The stats page seems to be an hour ahead.
That may be why Dyyryath's stats are negative.

Brian the Fist
01-30-2003, 05:22 PM
You were correct, the clocks jumped ahead an hour (Daylight savings time maybe??) Thanks for pointing that out, it should be correct now that it may have messed up some external stats computations...

Dyyryath
01-30-2003, 05:39 PM
Didn't hurt mine. That negative number thing was a wholly different issue. Things are great now, thanks Howard! :thumbs:

Alpha_7
01-30-2003, 07:04 PM
Howard just a quick question, is the period where the old protien still gets credit been extended ? Just I was trying to dump all my no net boxes, and it co-incided with outtage, I was hoping stucts haven't been wasted ???

Thanks,
Alpha_7

reader50
01-30-2003, 07:36 PM
My stats are fine too, they had no trouble from the break.

It appears that the server reset totats to pre-break levels at least six times during the first few hours, each time jumping back to the correct running totals on the next update. This didn't break my stats either, but produced some weird rate graphs. It happened recently enough that it might still be going on.

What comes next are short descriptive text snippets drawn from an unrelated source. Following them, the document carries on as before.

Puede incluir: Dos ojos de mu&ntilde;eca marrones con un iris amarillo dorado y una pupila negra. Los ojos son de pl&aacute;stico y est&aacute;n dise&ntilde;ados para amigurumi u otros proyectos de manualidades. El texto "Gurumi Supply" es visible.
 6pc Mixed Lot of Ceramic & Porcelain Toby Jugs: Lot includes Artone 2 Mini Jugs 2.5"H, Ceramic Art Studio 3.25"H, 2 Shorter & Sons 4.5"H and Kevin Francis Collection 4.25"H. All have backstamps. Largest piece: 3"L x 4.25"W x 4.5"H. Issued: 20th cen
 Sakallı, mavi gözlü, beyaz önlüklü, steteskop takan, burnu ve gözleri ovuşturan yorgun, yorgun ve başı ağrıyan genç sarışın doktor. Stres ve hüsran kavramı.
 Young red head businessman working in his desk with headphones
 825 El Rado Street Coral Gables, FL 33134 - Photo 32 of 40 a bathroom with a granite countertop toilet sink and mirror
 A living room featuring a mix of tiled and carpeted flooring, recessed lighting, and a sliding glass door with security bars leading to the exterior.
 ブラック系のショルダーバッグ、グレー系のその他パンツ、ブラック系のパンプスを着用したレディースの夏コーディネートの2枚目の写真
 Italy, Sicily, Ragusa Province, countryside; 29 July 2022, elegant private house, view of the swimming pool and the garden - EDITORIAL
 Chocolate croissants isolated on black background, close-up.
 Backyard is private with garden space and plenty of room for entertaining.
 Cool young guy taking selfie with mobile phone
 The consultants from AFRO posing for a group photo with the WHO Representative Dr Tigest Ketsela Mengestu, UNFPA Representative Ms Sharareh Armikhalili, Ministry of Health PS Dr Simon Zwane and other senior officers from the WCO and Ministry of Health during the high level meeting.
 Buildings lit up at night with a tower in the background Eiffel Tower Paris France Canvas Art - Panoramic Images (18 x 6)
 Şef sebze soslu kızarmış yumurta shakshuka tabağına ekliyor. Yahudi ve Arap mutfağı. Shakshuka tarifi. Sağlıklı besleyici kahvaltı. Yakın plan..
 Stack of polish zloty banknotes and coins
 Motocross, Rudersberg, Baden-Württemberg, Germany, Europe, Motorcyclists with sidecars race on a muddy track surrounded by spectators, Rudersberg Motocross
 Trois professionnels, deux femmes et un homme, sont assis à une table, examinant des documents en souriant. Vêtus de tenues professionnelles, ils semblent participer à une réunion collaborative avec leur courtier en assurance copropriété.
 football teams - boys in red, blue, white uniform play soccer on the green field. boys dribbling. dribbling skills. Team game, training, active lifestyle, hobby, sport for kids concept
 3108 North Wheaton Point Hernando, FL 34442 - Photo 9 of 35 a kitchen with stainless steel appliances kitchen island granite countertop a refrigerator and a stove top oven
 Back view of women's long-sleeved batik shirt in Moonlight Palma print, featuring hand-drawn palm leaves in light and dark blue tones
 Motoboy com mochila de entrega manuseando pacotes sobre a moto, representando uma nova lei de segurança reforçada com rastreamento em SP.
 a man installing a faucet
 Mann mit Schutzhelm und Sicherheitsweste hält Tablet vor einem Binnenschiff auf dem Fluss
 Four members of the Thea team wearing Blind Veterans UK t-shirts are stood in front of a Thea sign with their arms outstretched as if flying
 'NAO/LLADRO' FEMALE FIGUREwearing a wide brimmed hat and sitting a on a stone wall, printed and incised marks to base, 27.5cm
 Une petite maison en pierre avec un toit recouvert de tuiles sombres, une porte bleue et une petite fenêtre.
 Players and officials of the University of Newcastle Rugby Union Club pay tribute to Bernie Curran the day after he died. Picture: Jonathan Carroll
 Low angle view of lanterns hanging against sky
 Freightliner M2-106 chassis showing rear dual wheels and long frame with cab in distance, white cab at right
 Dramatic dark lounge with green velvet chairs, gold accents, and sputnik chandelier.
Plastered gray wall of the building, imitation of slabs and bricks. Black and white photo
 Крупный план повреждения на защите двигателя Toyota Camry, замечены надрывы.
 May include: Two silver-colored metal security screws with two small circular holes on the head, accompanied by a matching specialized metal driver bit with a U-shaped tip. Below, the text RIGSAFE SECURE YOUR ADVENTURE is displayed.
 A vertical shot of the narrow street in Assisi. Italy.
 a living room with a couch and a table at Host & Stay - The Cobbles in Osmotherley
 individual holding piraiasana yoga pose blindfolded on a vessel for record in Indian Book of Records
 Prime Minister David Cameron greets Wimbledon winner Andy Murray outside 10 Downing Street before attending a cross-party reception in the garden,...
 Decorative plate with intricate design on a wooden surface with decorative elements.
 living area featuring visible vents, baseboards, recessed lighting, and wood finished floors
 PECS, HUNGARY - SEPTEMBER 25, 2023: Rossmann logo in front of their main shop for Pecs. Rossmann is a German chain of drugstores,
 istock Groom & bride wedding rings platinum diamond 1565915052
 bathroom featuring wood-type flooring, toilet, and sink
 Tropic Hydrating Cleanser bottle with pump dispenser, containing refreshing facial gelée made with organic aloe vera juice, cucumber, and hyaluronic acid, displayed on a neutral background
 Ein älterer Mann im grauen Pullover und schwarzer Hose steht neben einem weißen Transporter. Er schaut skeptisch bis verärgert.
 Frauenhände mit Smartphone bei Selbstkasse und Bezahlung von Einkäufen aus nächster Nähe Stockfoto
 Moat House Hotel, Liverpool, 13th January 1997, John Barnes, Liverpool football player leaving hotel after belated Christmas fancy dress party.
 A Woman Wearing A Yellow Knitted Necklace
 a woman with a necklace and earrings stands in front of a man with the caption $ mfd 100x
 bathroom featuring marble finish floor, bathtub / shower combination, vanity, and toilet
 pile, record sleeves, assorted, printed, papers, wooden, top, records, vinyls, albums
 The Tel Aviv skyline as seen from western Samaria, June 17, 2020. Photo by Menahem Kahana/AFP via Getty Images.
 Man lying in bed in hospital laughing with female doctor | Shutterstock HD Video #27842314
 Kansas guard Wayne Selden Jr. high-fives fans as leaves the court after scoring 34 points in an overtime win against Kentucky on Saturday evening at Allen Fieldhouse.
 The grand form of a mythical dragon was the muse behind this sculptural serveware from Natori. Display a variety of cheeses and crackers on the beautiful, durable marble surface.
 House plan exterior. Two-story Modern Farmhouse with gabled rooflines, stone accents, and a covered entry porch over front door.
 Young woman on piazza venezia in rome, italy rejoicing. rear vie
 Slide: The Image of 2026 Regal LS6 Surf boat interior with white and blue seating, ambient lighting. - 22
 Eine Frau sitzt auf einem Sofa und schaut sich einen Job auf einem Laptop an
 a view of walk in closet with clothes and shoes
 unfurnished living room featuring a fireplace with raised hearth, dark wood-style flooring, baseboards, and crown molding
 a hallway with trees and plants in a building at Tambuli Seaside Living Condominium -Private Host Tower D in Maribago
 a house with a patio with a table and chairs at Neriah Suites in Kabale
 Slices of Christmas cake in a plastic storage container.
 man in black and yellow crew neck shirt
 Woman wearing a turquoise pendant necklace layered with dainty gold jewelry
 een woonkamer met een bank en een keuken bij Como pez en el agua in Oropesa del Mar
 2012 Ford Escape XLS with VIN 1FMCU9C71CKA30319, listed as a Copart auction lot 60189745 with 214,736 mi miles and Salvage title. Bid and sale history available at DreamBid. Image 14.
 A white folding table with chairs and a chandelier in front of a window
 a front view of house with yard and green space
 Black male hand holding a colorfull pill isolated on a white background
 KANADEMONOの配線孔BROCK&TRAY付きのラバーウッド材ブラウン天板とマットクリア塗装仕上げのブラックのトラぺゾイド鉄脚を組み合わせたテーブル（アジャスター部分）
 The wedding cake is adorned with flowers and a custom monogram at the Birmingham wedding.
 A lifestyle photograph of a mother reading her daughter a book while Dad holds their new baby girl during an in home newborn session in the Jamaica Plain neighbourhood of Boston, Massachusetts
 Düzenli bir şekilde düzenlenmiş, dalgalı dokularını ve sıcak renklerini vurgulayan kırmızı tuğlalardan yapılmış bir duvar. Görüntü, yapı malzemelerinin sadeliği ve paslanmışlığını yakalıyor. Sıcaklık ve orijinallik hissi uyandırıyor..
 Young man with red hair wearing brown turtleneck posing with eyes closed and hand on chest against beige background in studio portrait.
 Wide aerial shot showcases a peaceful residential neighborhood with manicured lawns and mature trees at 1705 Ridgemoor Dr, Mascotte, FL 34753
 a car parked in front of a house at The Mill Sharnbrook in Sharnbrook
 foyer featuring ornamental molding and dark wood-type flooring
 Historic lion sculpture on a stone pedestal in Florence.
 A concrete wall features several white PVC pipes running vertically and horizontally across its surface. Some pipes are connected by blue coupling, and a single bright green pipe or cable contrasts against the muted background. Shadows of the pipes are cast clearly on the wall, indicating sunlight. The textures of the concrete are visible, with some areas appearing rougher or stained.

Example (click for larger version)
http://home.earthlink.net/~reader50/forum_posts/dfold_206_st.png (http://home.earthlink.net/~reader50/forum_posts/dfold_206_Graph_stBig.png)
note, the graph was generated from totaling up member accounts, not from the listed total on the stats pages. Though we do use that total in other places.

reader50
01-31-2003, 02:18 AM
Update: it's still happening; I've updated the sample graphs. The server is periodically showing member stats totals from just before the break. Always corrected on the next update.

Dyyryath
01-31-2003, 09:10 AM
Yup, I'm seeing it, too. Very strange...

Brian the Fist
01-31-2003, 09:18 AM
Its not THAT strange - remember there's really more than one server, you get a random one with each request. Assuming your using the teampages.tar.gz thingy, you're only making one request but it could come from a different physical machine each time. I'll go through the machines and see if this file is 'stale' on any of them..

[EDIT]

Yep, CRON had died for some reason on one of them after they were rebooted. Not sure why so if it happens again just let me know otherwise I'll assume it was a fluke.

Dyyryath
01-31-2003, 09:27 AM
Yup, makes sense...